In der arabischen Welt hatte Bin Laden die Schlacht bereits verloren. Die Revolution feierte weder den Islamismus noch die illusorische Rückkehr zum Kalifat und zu einem fiktiven Ur-Islam als Allheilmittel für die Probleme der muslimischen Länder oder gar des gesamten Universums.
Bin Laden starb in einer Zeit, in der die Faszination und die Anziehungskraft des Islamismus allmählich nachlassen. Das bedeutet nicht, dass es keine Terroranschläge mehr geben wird, oder dass Al-Qaida und ihre Töchter nicht weiter in Nordafrika und der Sahelzone wüten werden. Es wird immer Gruppen geben, die sich zu der Bewegung bekennen, um mancherorts zu töten und zu entführen. Marokko musste soeben diese böse Erfahrung machen.
Der Kult der blinden Gewalt ist allerdings nicht der einzige Nachlass Bin Ladens. Der Mann, der gerade gestorben ist, hat den Anfang des 21. Jahrhunderts tief geprägt. Osama Bin Laden, Sohn einer reichen saudi-arabischen Familie, der sein finsteres Handwerk im Kampf gegen die Sowjets in Afghanistan lernte, ist schließlich auch der Architekt unserer strategischen Landschaft.

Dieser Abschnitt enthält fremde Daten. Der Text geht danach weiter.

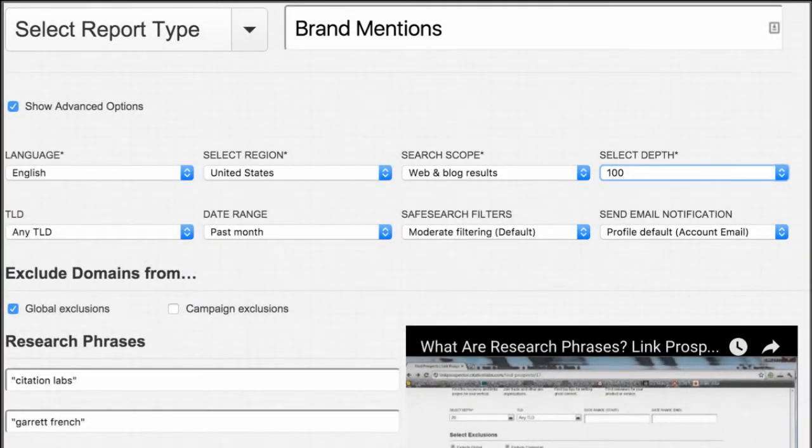So the next part I wanted to mention, and this is not so much a feature but a really interesting way that Link Prospector can be used that I don't think a lot of people know about, which is monitoring for brand mentions.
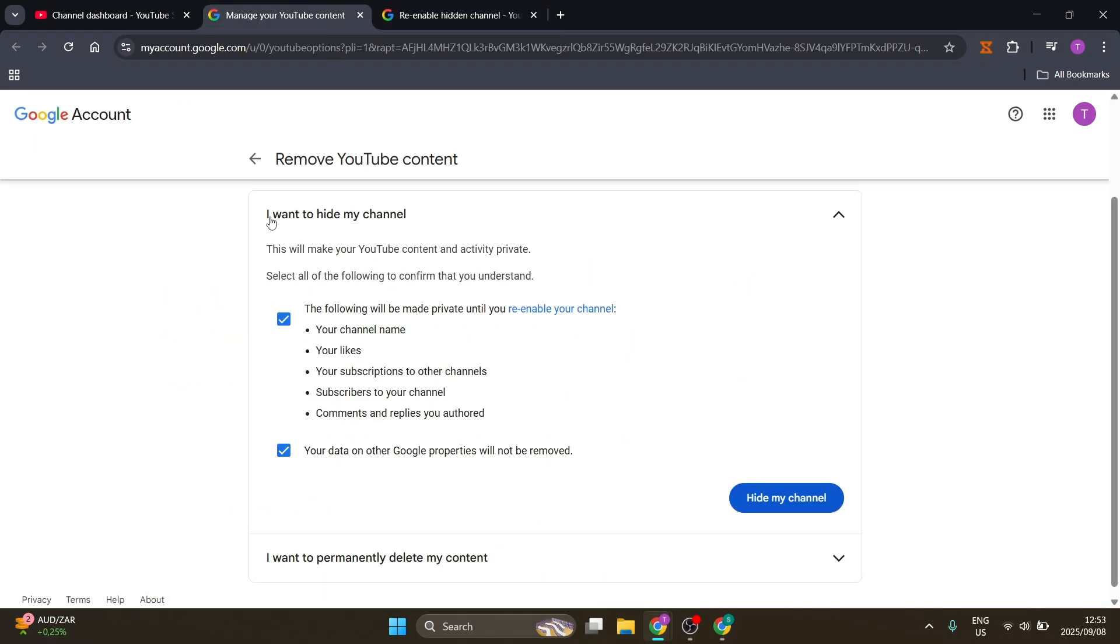But essentially you'll be coming to the same place here and you'll be able to click on 'Unhide my channel.'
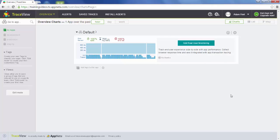In this video, we're going to go over initial configuration in TraceView. This video assumes that you've already instrumented some sort of web application, and you're starting to see data in the default app as seen here.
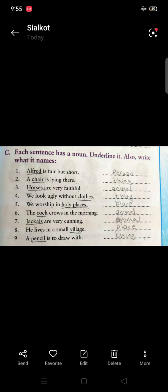Number two: 'A chair is lying there.' Chair is a thing. Number three: 'Horses are very faithful.' Horses — what type of noun? Horses are animals.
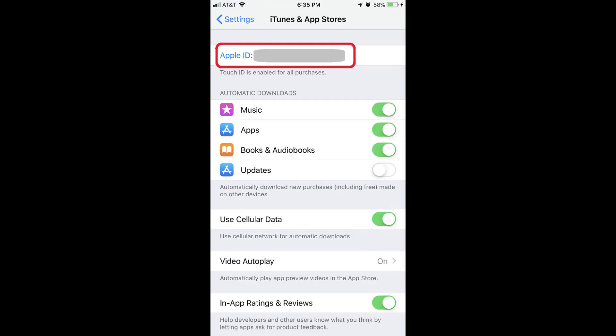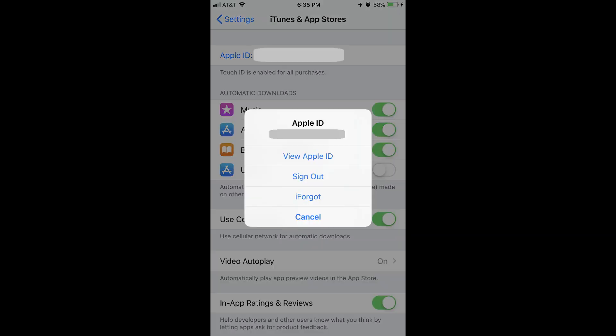Step 3: Tap the Apple ID field at the top of the screen that displays the email address associated with your Apple ID. An Apple ID dialog box appears. Step 4: Select View Apple ID in that dialog box.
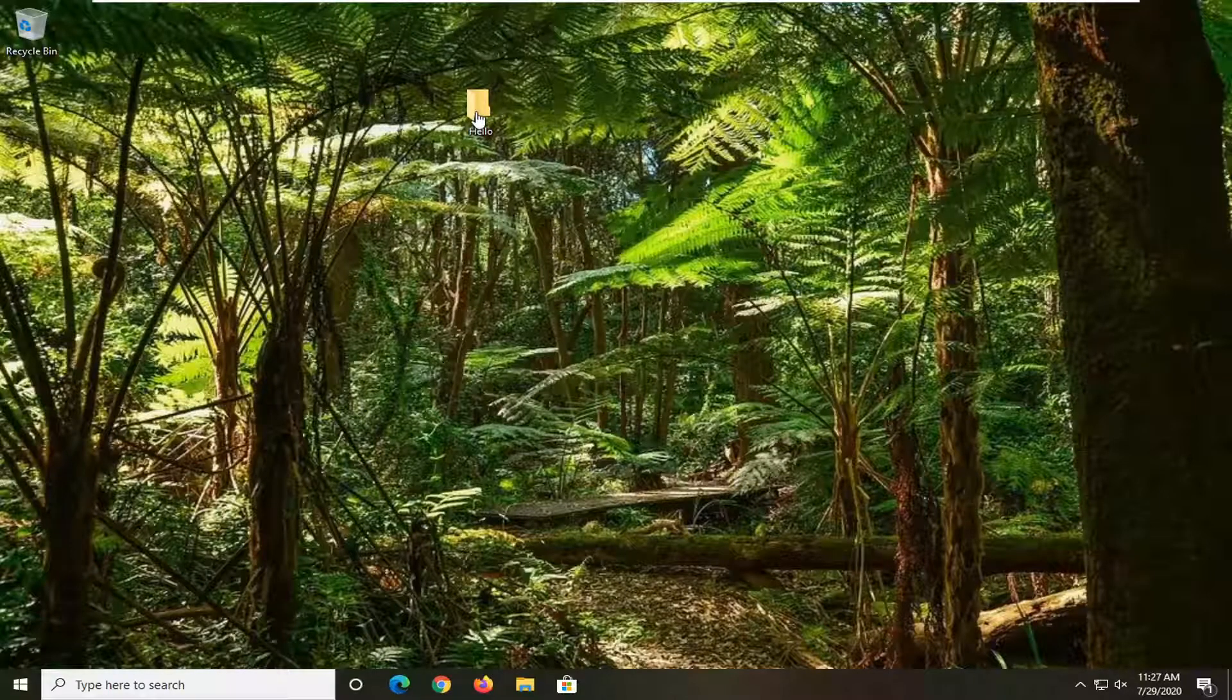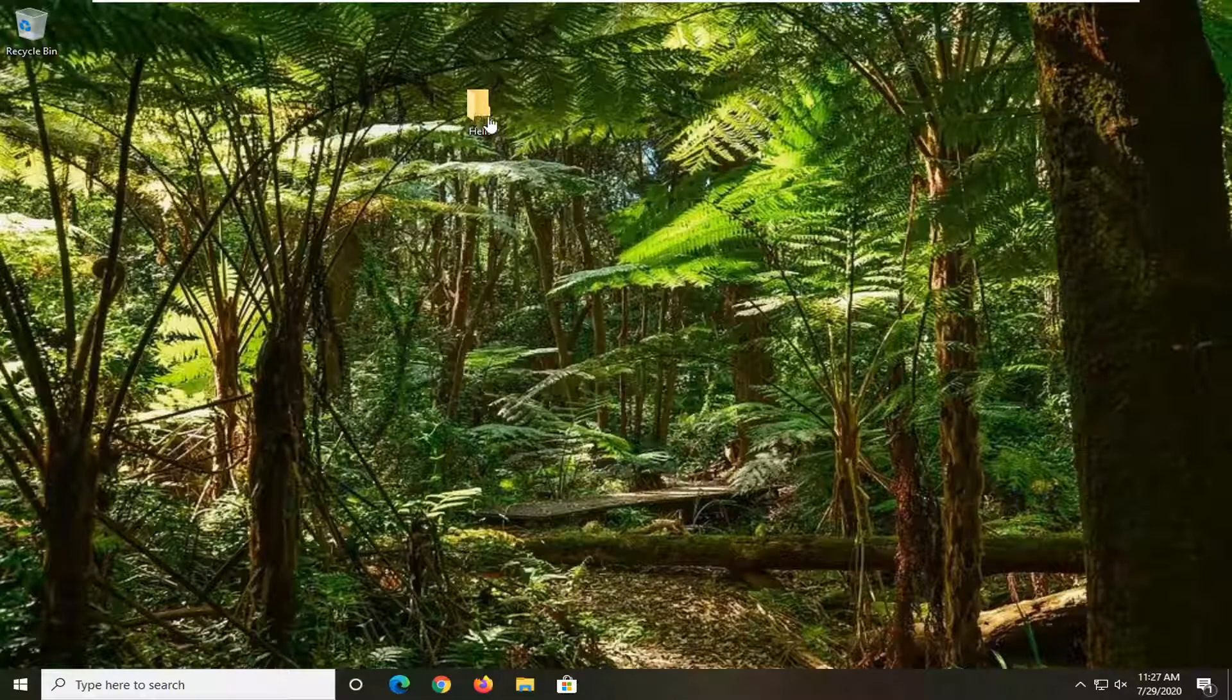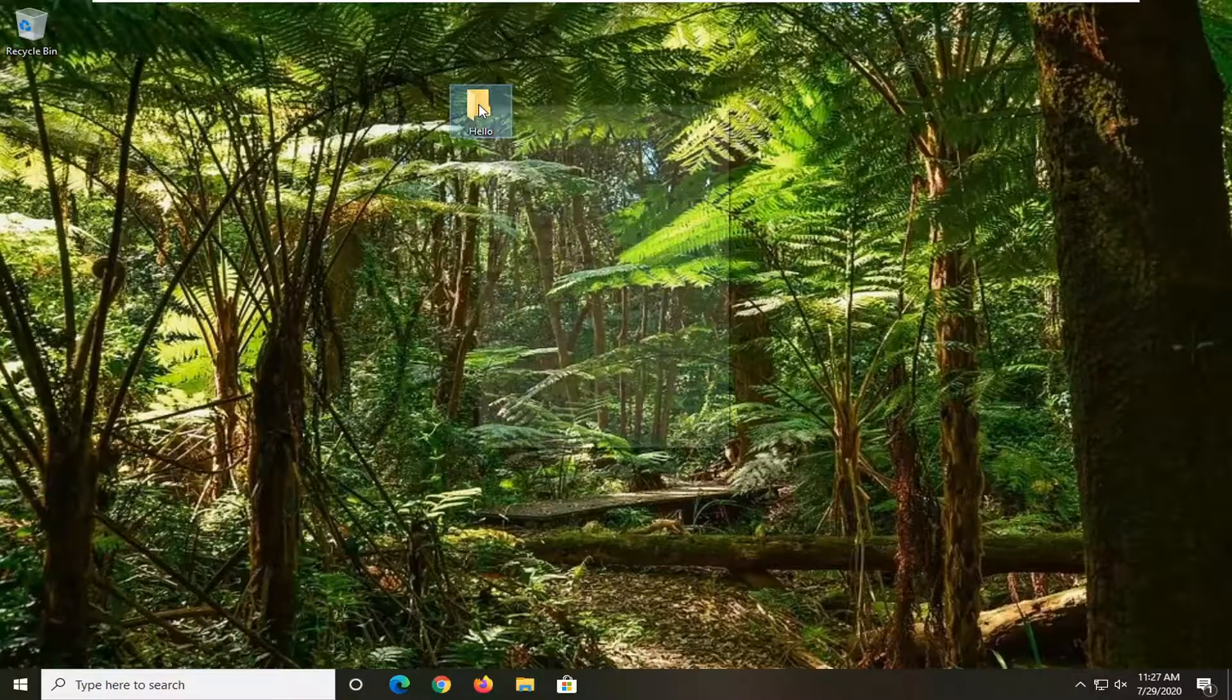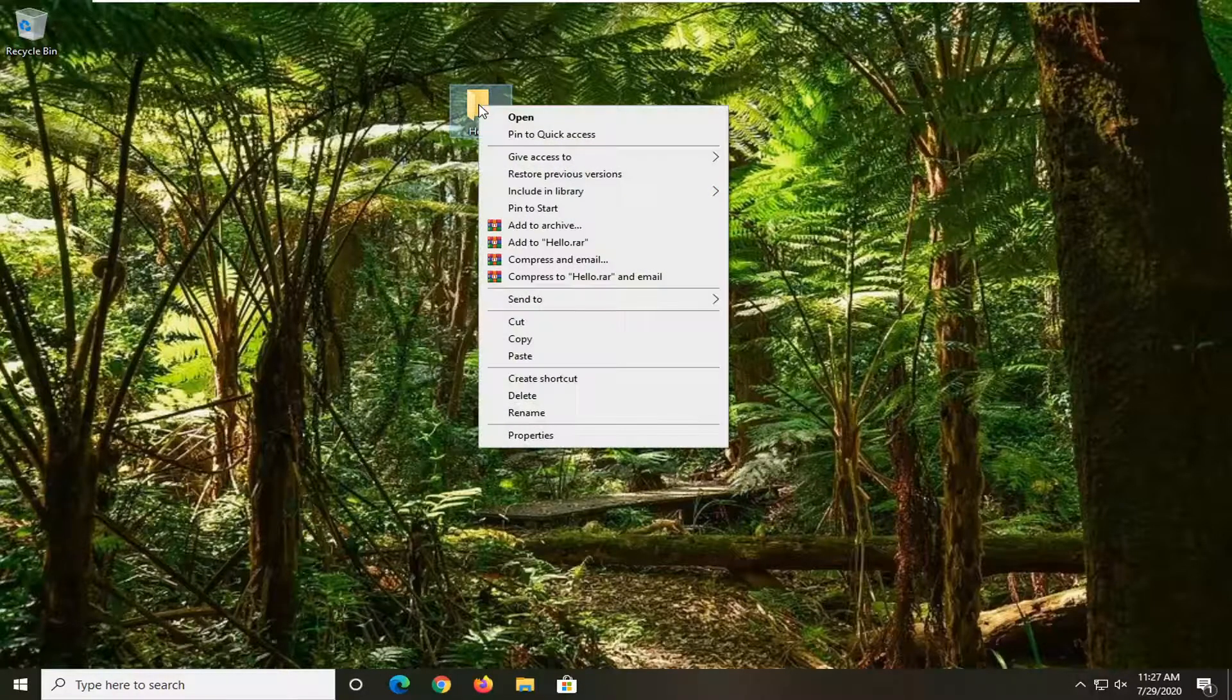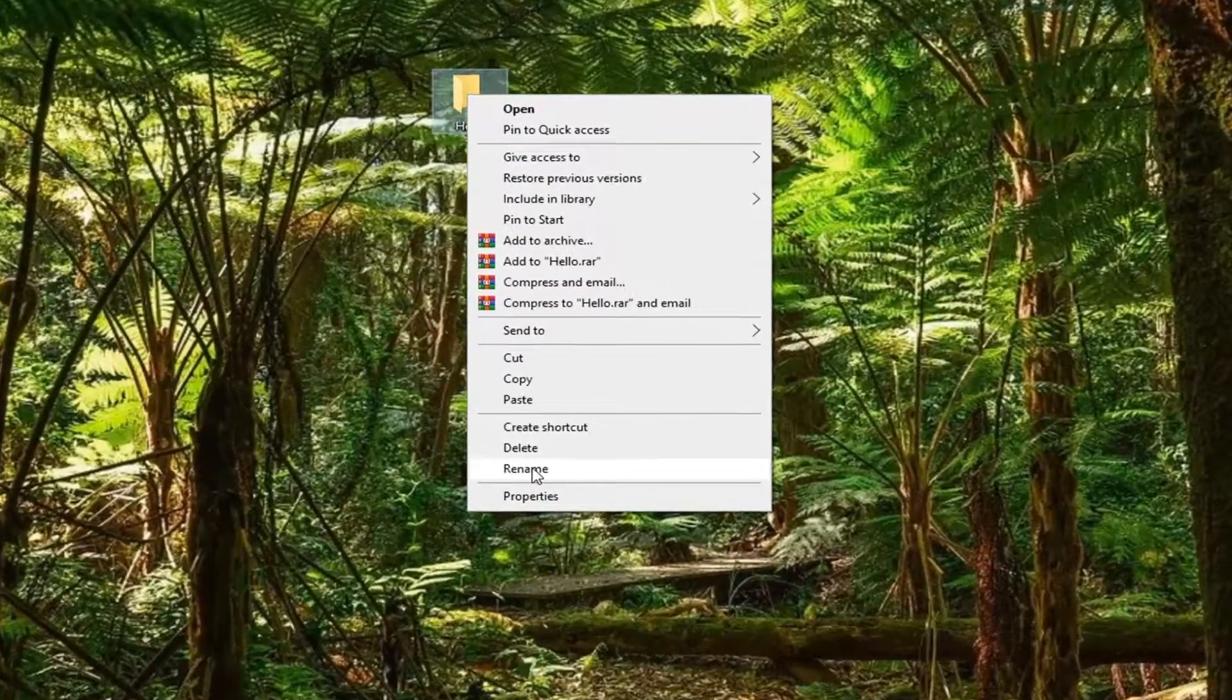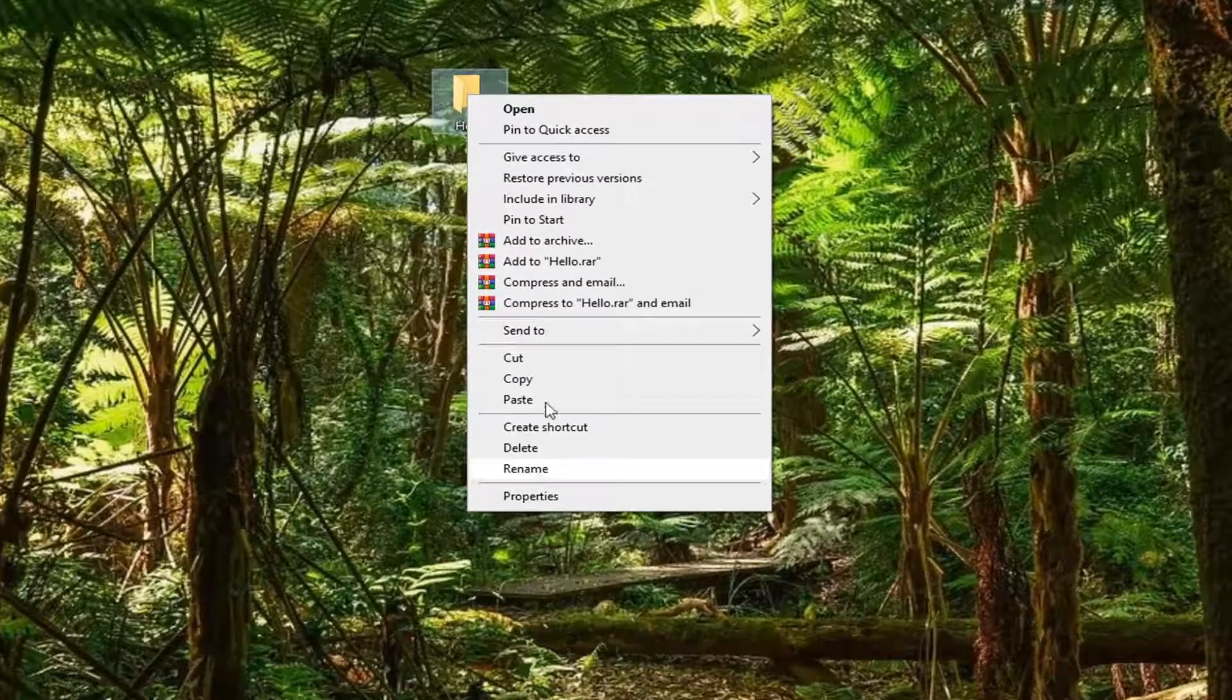Start by locating whatever file or folder you want to rename and right-click on it. Then select the rename option at the bottom of the list.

Die USA glaubten, dass die Terroranschläge vom 11. September 2001 nur mit Krieg zu beantworten wären. Seitdem sind sie in zwei bewaffnete Konflikte verstrickt: im Irak und vor allem in Afghanistan. Die beiden Aktionen haben sie militärisch und finanziell ausgeblutet und ihren Ruf in der arabisch-muslimischen Welt dauerhaft getrübt. Barack Obama wird zwar in den USA aus Bin Ladens Tod Nutzen schlagen, aber aus dem afghanischen Schlamassel kann er sich damit auch nicht retten.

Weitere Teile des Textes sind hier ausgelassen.